Exercise requirements:
Repeat each line, word for word, from the one containing "Vintage Handcrafted Stained" through the last line of the entries, and include no other output.

Extracted data:
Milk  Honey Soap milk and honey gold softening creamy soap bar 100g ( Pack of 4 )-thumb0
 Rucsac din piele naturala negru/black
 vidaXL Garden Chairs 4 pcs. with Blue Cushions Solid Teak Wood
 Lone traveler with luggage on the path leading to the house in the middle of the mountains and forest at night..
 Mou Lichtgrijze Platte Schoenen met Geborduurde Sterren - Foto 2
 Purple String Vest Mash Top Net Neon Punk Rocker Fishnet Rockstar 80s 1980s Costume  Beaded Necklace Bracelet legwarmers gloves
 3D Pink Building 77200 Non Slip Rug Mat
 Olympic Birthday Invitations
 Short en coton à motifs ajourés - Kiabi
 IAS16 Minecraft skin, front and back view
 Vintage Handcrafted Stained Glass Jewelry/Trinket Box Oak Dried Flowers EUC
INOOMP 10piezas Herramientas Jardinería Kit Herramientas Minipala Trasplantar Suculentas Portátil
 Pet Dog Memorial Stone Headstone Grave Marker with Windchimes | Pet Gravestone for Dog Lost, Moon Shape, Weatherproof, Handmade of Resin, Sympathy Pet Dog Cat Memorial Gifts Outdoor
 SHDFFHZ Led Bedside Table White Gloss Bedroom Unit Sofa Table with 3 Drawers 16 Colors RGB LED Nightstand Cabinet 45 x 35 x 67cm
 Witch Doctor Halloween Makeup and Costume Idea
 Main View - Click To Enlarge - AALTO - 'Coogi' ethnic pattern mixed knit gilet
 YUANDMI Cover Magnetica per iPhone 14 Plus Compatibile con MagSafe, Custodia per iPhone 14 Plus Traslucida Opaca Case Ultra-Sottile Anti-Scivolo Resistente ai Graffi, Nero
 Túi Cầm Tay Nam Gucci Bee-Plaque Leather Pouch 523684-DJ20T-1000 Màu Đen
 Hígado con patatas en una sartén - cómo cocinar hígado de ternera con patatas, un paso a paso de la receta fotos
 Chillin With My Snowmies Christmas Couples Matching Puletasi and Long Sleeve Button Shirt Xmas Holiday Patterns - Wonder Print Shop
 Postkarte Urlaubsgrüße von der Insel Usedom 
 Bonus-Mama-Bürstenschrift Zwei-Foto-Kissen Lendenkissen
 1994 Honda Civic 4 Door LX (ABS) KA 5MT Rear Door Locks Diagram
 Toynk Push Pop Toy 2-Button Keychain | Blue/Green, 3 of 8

Output:
 Vintage Handcrafted Stained Glass Jewelry/Trinket Box Oak Dried Flowers EUC
INOOMP 10piezas Herramientas Jardinería Kit Herramientas Minipala Trasplantar Suculentas Portátil
 Pet Dog Memorial Stone Headstone Grave Marker with Windchimes | Pet Gravestone for Dog Lost, Moon Shape, Weatherproof, Handmade of Resin, Sympathy Pet Dog Cat Memorial Gifts Outdoor
 SHDFFHZ Led Bedside Table White Gloss Bedroom Unit Sofa Table with 3 Drawers 16 Colors RGB LED Nightstand Cabinet 45 x 35 x 67cm
 Witch Doctor Halloween Makeup and Costume Idea
 Main View - Click To Enlarge - AALTO - 'Coogi' ethnic pattern mixed knit gilet
 YUANDMI Cover Magnetica per iPhone 14 Plus Compatibile con MagSafe, Custodia per iPhone 14 Plus Traslucida Opaca Case Ultra-Sottile Anti-Scivolo Resistente ai Graffi, Nero
 Túi Cầm Tay Nam Gucci Bee-Plaque Leather Pouch 523684-DJ20T-1000 Màu Đen
 Hígado con patatas en una sartén - cómo cocinar hígado de ternera con patatas, un paso a paso de la receta fotos
 Chillin With My Snowmies Christmas Couples Matching Puletasi and Long Sleeve Button Shirt Xmas Holiday Patterns - Wonder Print Shop
 Postkarte Urlaubsgrüße von der Insel Usedom 
 Bonus-Mama-Bürstenschrift Zwei-Foto-Kissen Lendenkissen
 1994 Honda Civic 4 Door LX (ABS) KA 5MT Rear Door Locks Diagram
 Toynk Push Pop Toy 2-Button Keychain | Blue/Green, 3 of 8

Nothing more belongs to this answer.